What you have to do: Each line of data below must be printed exactly as written, with any pictures removed.

Source material:
^^^^^^^^
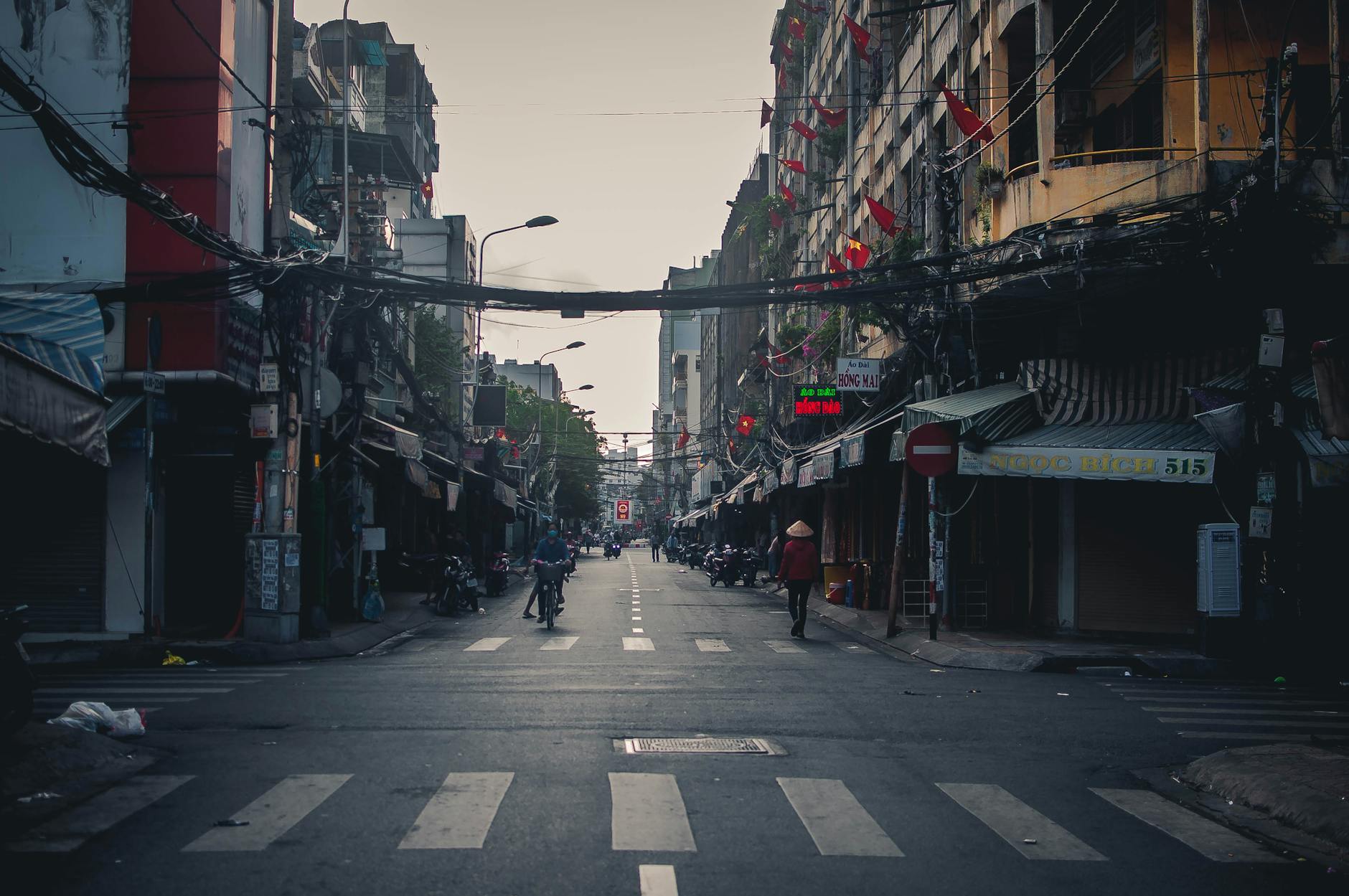 A quiet urban street scene in Ho Chi Minh City, Vietnam, showcasing local architecture.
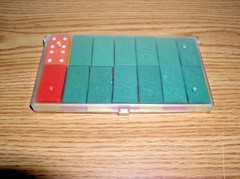 VINTAGE 28-PIECE MULTI-COLOR DOMINOES COMPACT SET IN PLASTIC CASE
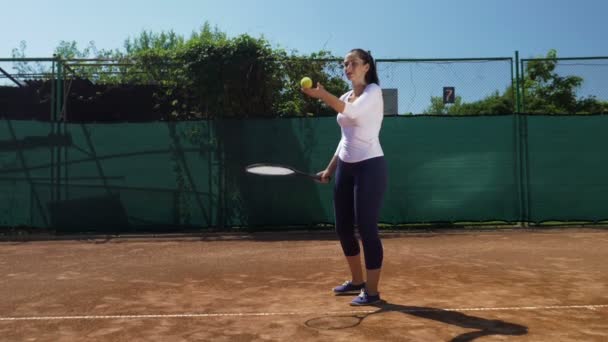 Mujer joven golpea la pelota de tenis con raqueta en la cancha de tenis — Vídeos de Stock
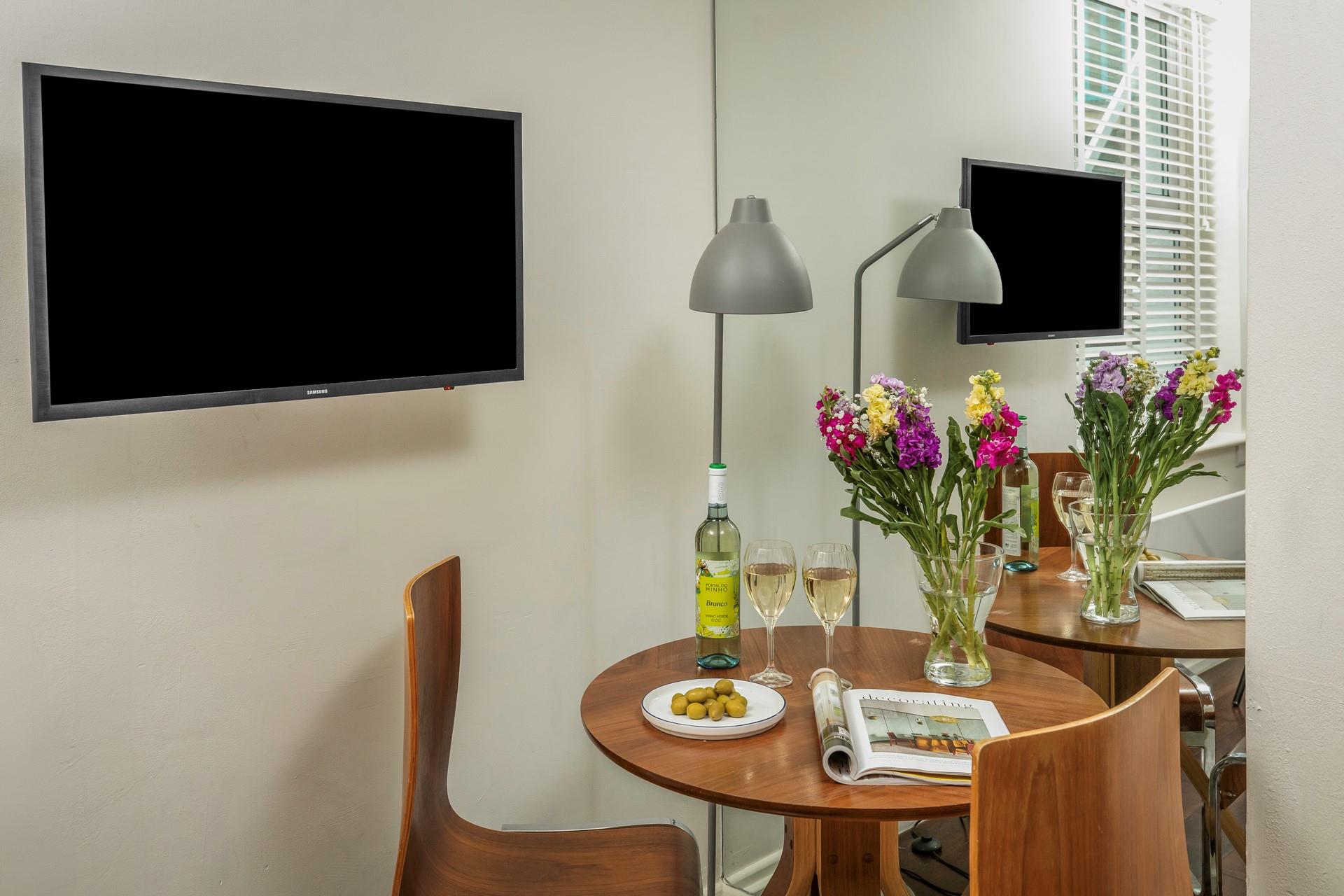 The stylish dining table offers a cosy space for two to enjoy dinner together.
^^^^^^^^
Your solution:
 A quiet urban street scene in Ho Chi Minh City, Vietnam, showcasing local architecture.
 VINTAGE 28-PIECE MULTI-COLOR DOMINOES COMPACT SET IN PLASTIC CASE
 Mujer joven golpea la pelota de tenis con raqueta en la cancha de tenis — Vídeos de Stock
 The stylish dining table offers a cosy space for two to enjoy dinner together.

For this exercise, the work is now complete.